Anyway, back to the whorehouse. When I arrived, I found all the … er, employees of that high-calibre establishment scattered all over the grounds, picking up litter under Madame Fifi’s supervision. God bless her three-breasted soul. Upon inquiring what this was all about, she explained that she ran a tight ship and no clients of hers were going to get “serviced” in a pigsty. To quote her, “Goddamnit, we might be low-down dirty whores but we’re not going to wallow in filth.” I got a lump in my throat. I mean, if I had to make a career change, I’d hate to perform fellatio with a heavy heart because of papers strewn all over the lawn.

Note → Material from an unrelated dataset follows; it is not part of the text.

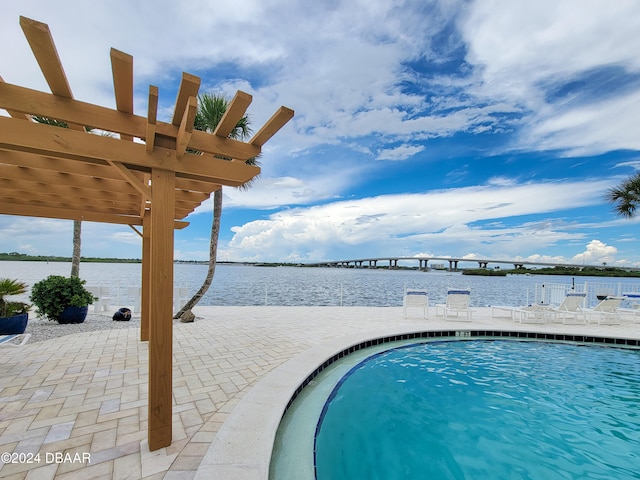 view of pool with a patio, a water view, and a pergola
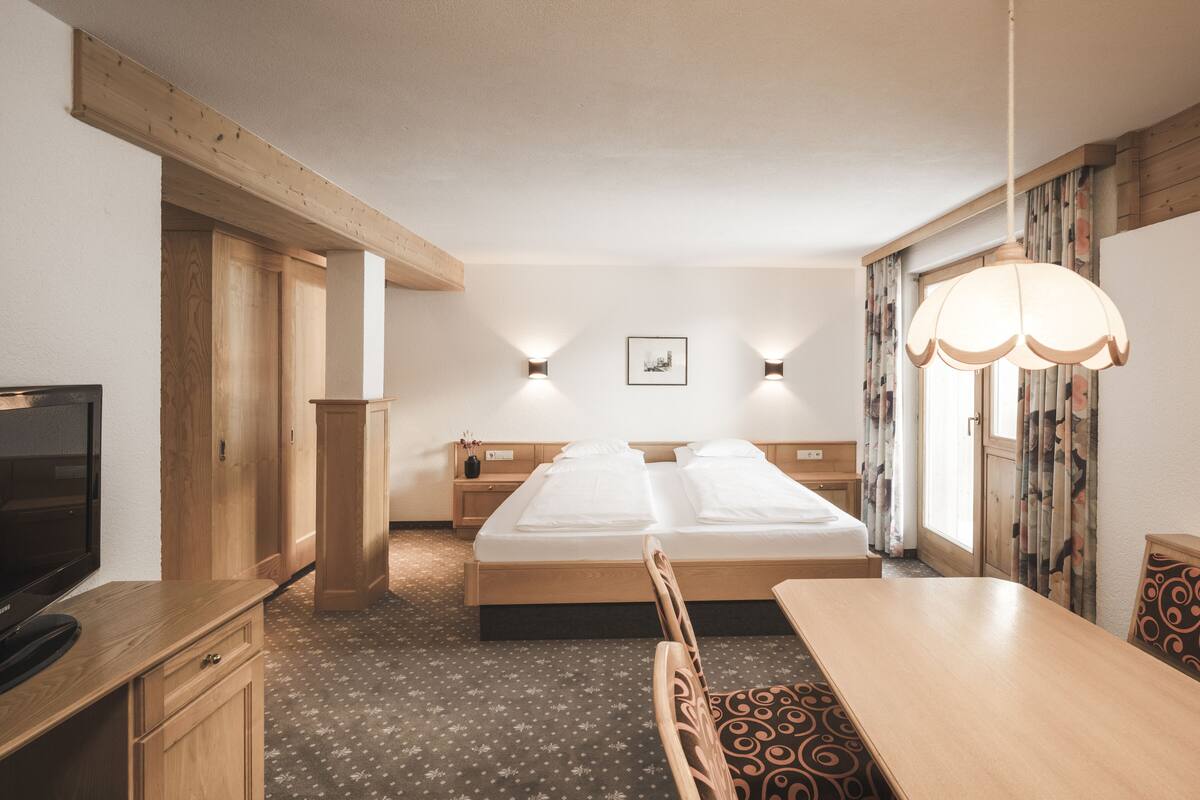 Ein Hotelzimmer mit Bett, Nachttischen, Fernseher, Esstisch und Stuhl.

Hallucinations aside, obsessive-compulsive disorder is not a laughing matter. Well, not funny “ha ha” in any case. One of the ways in which my particular brand of OCD manifests itself is in my extreme lack of tolerance for dripping taps. My wife can vouch for the fact that on particularly bad days I walk around the house inspecting every tap. All eleven of them. I know, I know. What kind of man even knows how many taps he has in his house? In any case, on those days when my OCD is really acting up, I go around placing my open palm underneath each faucet. If there’s a wet ring of water, I emit a sharp gasp and instigate a thorough investigation to unearth the culprit. It’s always the four-year-old Tamil insurgent. The uncivilized bastard. His own brand of OCD compels him to wash his hands every two hours or so. A right regular serial killer in the making.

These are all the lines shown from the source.